7. On April 11, 2001 counsel for Defendant drafted and mailed a letter to counsel for Debtor requesting that the Debtor either reaffirm the debtor or surrender the collateral.
8. On April 18, 2001, counsel for the Debtor sent a letter to counsel for Defendant, confirming a phone conversation regarding the bankruptcy, the post-petition General Sessions suit filed against the Debtor and the Defendant's intention to non-suit the General Sessions suit against Debtor.
9. On April 23, 2001, counsel for Defendant non-suited the post-petition General Sessions suit filed against the Debtor.
10. On or about April 25, 2001, an Amended Commencement of Case was mailed to the creditors on the matrix.
11. On April 28, 2001, Defendant sent a statement of account [to the debtor].
12. On May 28, 2001, Defendant sent a second statement of account [to the debtor].
[13. The instant adversary proceeding was filed on June 4, 2001.]
In addition to the stipulated facts, the Court finds that Joel Newman, the credit manager for Robert's Jewelers, was informed by his attorney of the debtor's bankruptcy filing. Newman testified that Robert's Jewelers uses a computerized billing system and that to cease sending bills to a particular customer he only needs to push one button. Newman further testified that although he had dealt with other bankruptcy clients before and that 20% of his time was spent on collection efforts, he had no knowledge of the existence of the automatic stay or what it encompassed.
The Debtor testified that he purchased the ring as an engagement ring for his ex-wife. At the time of the divorce, the Debtor's ex-wife had possession of the ring. The Debtor testified that he does not know if his ex-wife still has possession of the ring. Since filing his Chapter 7 petition, the Debtor has not filed a statement of intention with respect to Robert's Jewelers' collateral, nor has he been making adequate protection payments.
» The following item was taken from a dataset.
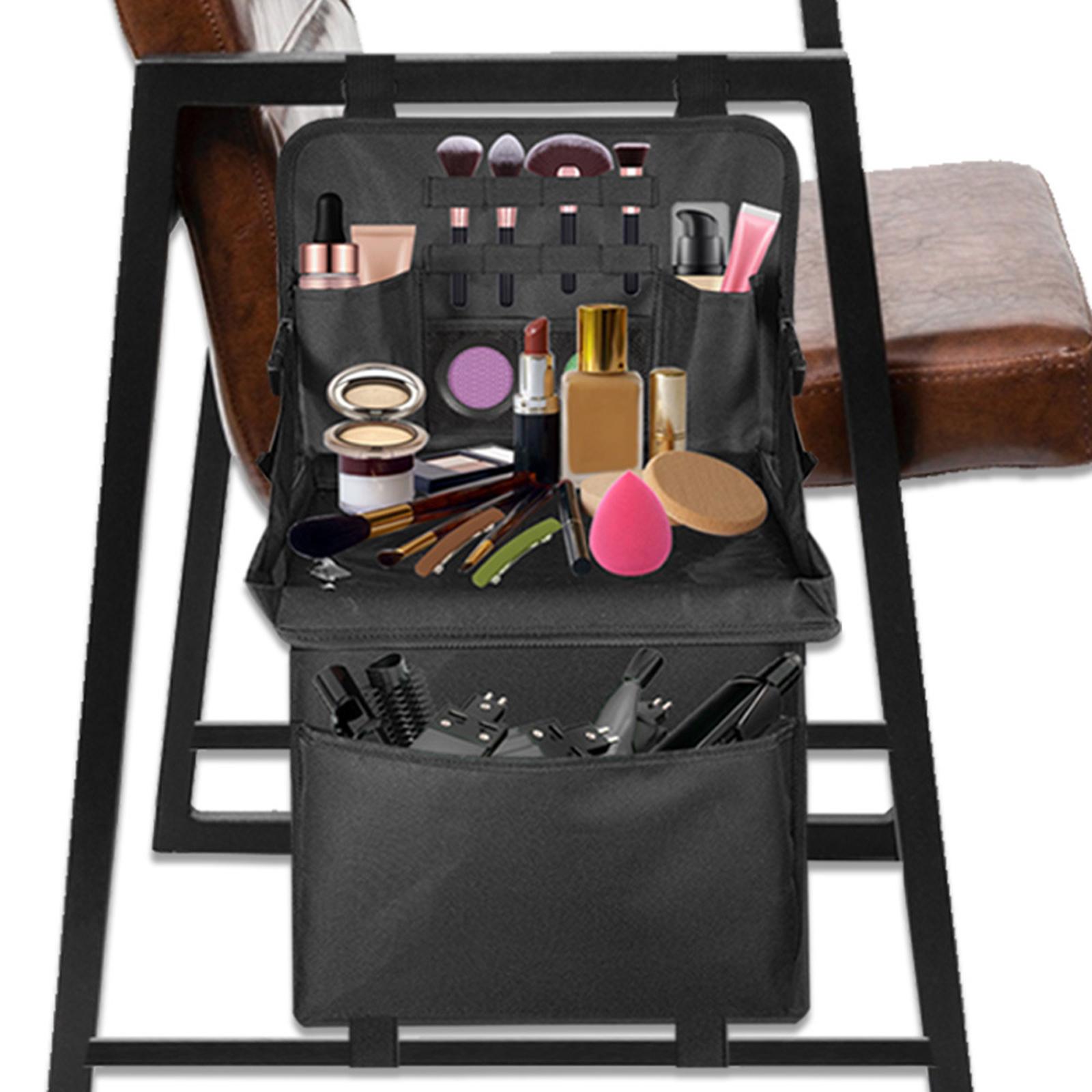 Beauty Tool Storage Bag Compact Large Capacity Makeup Chair Hanging Bag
II. CONCLUSIONS OF LAW A. The Debtor's Complaint for Damages for Violation of the Automatic Stay
Filing a bankruptcy petition triggers the automatic stay provisions under 11 U.S.C. § 362(a)(1) through (8), which prohibit creditors from attempting to collect most debts from the debtor or the debtor's property. The automatic stay provisions under 11 U.S.C. § 362(a) arise by operation of law upon the mere commencement of a case filed under any operative chapter of the Bankruptcy Code (i.e., chapter 7, 9, 11, or 13); and as such, a court hearing or specific order is not required. Once the stay becomes effective, it is applicable to all entities. For the purposes of the Bankruptcy Code, the term "entity" is broadly defined to include persons, estates, trusts, and governmental units. The term "person" includes individuals, partnerships, and corporations. All property of the section 541(a) bankruptcy estate is subject to and protected by the automatic stay. The term "property of the estate" is defined broadly under the Bankruptcy Code to include all legal or equitable interests of the debtor in real, personal, or intangible property as of the commencement of the case, wherever located.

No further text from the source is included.